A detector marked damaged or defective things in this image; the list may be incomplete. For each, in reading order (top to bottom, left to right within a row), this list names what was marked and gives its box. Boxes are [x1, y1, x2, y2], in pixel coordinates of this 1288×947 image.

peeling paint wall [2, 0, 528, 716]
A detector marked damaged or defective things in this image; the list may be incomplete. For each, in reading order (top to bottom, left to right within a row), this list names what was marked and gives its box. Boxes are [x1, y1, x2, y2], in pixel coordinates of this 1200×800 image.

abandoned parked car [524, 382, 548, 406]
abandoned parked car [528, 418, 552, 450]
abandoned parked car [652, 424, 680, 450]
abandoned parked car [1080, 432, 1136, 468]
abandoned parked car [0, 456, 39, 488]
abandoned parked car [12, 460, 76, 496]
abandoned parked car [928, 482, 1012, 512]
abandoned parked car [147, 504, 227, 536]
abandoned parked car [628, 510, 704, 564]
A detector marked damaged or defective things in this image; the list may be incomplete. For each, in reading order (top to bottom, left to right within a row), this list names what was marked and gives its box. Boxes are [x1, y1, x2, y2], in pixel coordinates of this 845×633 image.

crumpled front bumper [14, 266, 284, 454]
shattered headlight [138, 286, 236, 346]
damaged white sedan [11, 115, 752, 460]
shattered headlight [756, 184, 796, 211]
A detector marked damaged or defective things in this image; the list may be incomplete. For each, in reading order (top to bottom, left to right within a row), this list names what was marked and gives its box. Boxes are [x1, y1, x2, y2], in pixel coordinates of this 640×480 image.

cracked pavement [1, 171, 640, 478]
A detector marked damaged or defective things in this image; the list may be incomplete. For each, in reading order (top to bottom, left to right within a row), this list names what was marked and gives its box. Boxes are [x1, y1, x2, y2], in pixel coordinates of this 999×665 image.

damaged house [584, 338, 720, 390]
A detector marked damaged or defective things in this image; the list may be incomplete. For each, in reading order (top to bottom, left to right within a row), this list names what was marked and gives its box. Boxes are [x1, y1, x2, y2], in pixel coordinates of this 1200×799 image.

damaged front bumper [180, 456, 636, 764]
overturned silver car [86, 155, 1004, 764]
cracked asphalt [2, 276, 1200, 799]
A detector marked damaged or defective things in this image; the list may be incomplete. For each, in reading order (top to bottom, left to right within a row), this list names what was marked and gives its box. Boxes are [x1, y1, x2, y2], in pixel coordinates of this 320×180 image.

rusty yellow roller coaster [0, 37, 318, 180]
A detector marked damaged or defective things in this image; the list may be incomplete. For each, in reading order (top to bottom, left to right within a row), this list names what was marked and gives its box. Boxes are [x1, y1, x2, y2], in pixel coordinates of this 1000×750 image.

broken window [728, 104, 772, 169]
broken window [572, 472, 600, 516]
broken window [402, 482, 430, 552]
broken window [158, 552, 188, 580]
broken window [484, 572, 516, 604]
****************
_ABOUT THIS EXERCISE_: Return the line where "this 1000×750 image." appears, then every line after it to the end of the listing, all exactly as written.

_ANSWER SECTION_:
A detector marked damaged or defective things in this image; the list may be incomplete. For each, in reading order (top to bottom, left to right within a row), this list names what was marked and gives its box. Boxes are [x1, y1, x2, y2], in pixel coordinates of this 1000×750 image.

broken window [728, 104, 772, 169]
broken window [572, 472, 600, 516]
broken window [402, 482, 430, 552]
broken window [158, 552, 188, 580]
broken window [484, 572, 516, 604]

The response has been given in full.